Often, changes are seen only from a distance.

So it is with our house renovations. Since we signed the closing documents on our soon to be new home a bit over two weeks ago, our lives have been compressed activity. It is not unusual for two or more groups of contractors to be working, or at least inspecting, at the same time. Since Debbie and I decided to act as our own “general contractors” after having been staggered by the labor costs associated with using a well known home center as our main coordinator for our projects, we have interviewed many painters, kitchen cabinet suppliers, flooring installers and builders and roofers. If it sounds like we are doing a lot of work, well, I guess we are! But, changing a house is not nearly so challenging as changing one’s life. And, so far, so good.
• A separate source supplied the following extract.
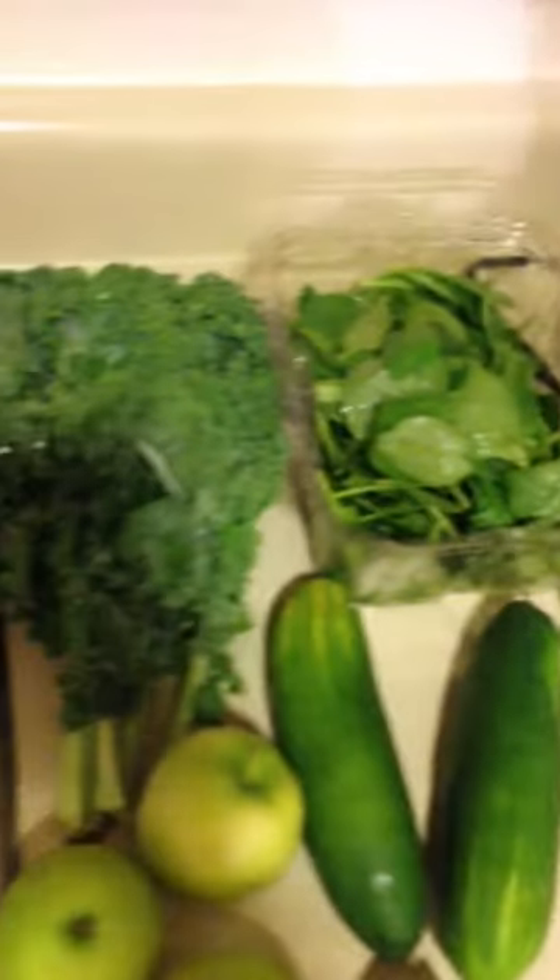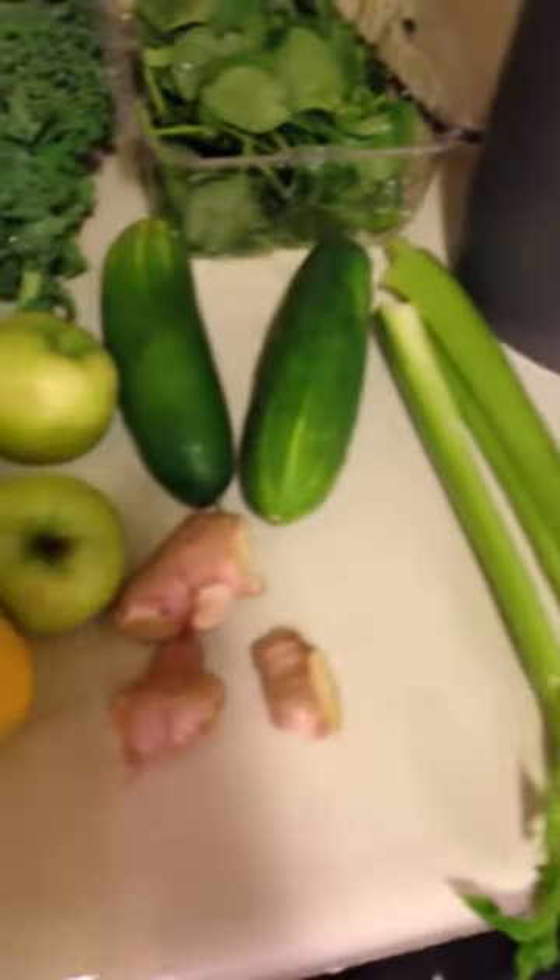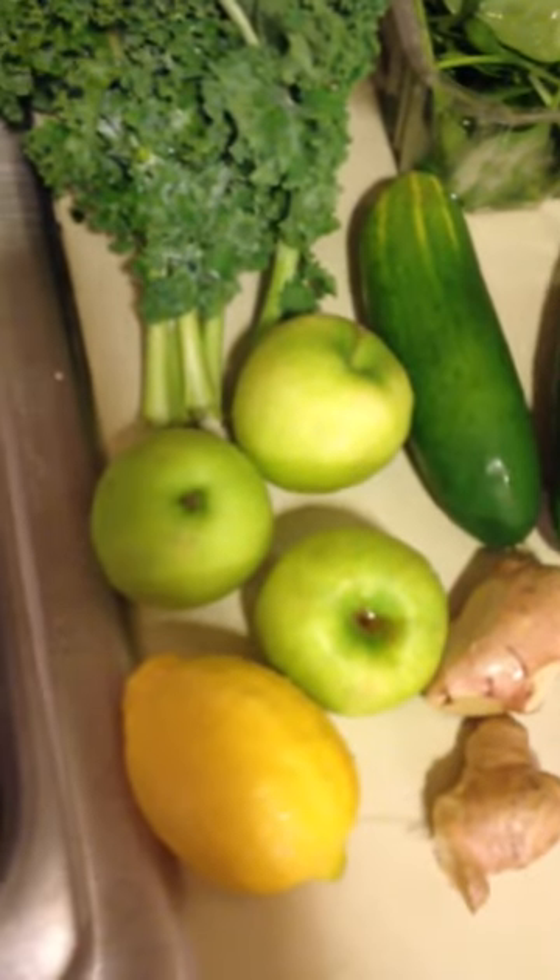So all these green leafy vegetables, you have to make sure that you're getting them organic to decrease pesticide intake, and it will cut toxicity extremely well to the body.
We have learned to really listen to those presenting us with work proposals. It’s often not only what they say, but how they say it, that determines who we will agree to work with. We’ve been blessed to come across some very decent, hard working folks that believe their crafts are the signature of their lives.

Dave is our lead man for the floor demolition and will also take part in the installation of the new tile. He comes to work early and is determined to remove every bit of what was intended to be a “permanent” wood floor. One arm is tattooed with a barbed wire design and the other with the Confederate battle flag and the words, “The South shall rise again”. He smokes too much. But, during his breaks he speaks of his wife and a son afflicted by what sounds to be autism. Dave’s hardness is mainly in his arms and back. We hope he will join us when we have our “new home” celebration party.

There are others we have met during this “extreme makeover” for which we are grateful and fortunate to have met. There are some that we wish we could have worked with but our budgets or schedules were not in sync.

We also have met several of our new neighbors. We are keeping the promise made to ourselves to be outgoing and speak with those we live near and those we meet while walking our neighborhood. Here it is easy. While many of our new neighbors are not originally from Jacksonville (many are from the mid-west) there is something different here in the way neighbors interact. At least in my experience. Debbie has had the good fortune of experiencing Southern graciousness before. There is a book I am nearly finished reading titled, “Southern by the Grace of God”. It gives an interesting insight to Southern thinking, values and custom. I cannot help but think of the similarities between the Southern way of life and that of rural Irish living, from which I am not far removed. Perhaps I am closer to home than I had imagined.


And, so, yesterday I took The Redhead’s advice and went for a neighborhood walk before returning to our apartment. I had spent much of the day at the house with the workmen. Sidewalks are a neighborhoods best friend – they connect homes and people. It was while speaking with our neighbor, whose home also is on the pond, that I was able to see our house from a distance. She remarked how she noticed already some changes. She was right. Some of the changes could better be seen – from a distance.